INFORMATION SUPPLIED:
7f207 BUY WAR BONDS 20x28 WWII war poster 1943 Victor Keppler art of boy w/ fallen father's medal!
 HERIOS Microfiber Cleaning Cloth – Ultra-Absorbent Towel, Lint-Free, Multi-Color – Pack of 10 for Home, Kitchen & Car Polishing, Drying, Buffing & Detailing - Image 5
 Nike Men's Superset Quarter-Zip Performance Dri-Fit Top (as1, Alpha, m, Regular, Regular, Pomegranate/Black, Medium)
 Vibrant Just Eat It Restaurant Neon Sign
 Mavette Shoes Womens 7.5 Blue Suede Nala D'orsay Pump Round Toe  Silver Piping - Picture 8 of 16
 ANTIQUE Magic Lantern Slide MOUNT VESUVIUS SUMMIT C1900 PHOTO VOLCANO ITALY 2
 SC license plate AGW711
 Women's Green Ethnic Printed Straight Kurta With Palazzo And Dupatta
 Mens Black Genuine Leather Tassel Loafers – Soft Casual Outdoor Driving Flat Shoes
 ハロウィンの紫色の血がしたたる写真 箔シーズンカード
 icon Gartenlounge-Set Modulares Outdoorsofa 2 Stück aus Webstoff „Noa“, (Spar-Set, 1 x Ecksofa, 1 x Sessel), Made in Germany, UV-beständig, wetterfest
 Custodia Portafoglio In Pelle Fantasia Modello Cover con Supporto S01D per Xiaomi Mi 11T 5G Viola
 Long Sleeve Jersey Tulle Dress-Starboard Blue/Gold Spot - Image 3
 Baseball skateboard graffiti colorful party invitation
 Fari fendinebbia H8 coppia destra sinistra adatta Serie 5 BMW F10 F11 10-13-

WORK TO COMPLETE: Would you transcribe, unchanged, every line of the material from the one containing "Vibrant Just Eat It Restaurant Neon Sign" to the very end, including both, and nothing else?

TASK RESULT:
 Vibrant Just Eat It Restaurant Neon Sign
 Mavette Shoes Womens 7.5 Blue Suede Nala D'orsay Pump Round Toe  Silver Piping - Picture 8 of 16
 ANTIQUE Magic Lantern Slide MOUNT VESUVIUS SUMMIT C1900 PHOTO VOLCANO ITALY 2
 SC license plate AGW711
 Women's Green Ethnic Printed Straight Kurta With Palazzo And Dupatta
 Mens Black Genuine Leather Tassel Loafers – Soft Casual Outdoor Driving Flat Shoes
 ハロウィンの紫色の血がしたたる写真 箔シーズンカード
 icon Gartenlounge-Set Modulares Outdoorsofa 2 Stück aus Webstoff „Noa“, (Spar-Set, 1 x Ecksofa, 1 x Sessel), Made in Germany, UV-beständig, wetterfest
 Custodia Portafoglio In Pelle Fantasia Modello Cover con Supporto S01D per Xiaomi Mi 11T 5G Viola
 Long Sleeve Jersey Tulle Dress-Starboard Blue/Gold Spot - Image 3
 Baseball skateboard graffiti colorful party invitation
 Fari fendinebbia H8 coppia destra sinistra adatta Serie 5 BMW F10 F11 10-13-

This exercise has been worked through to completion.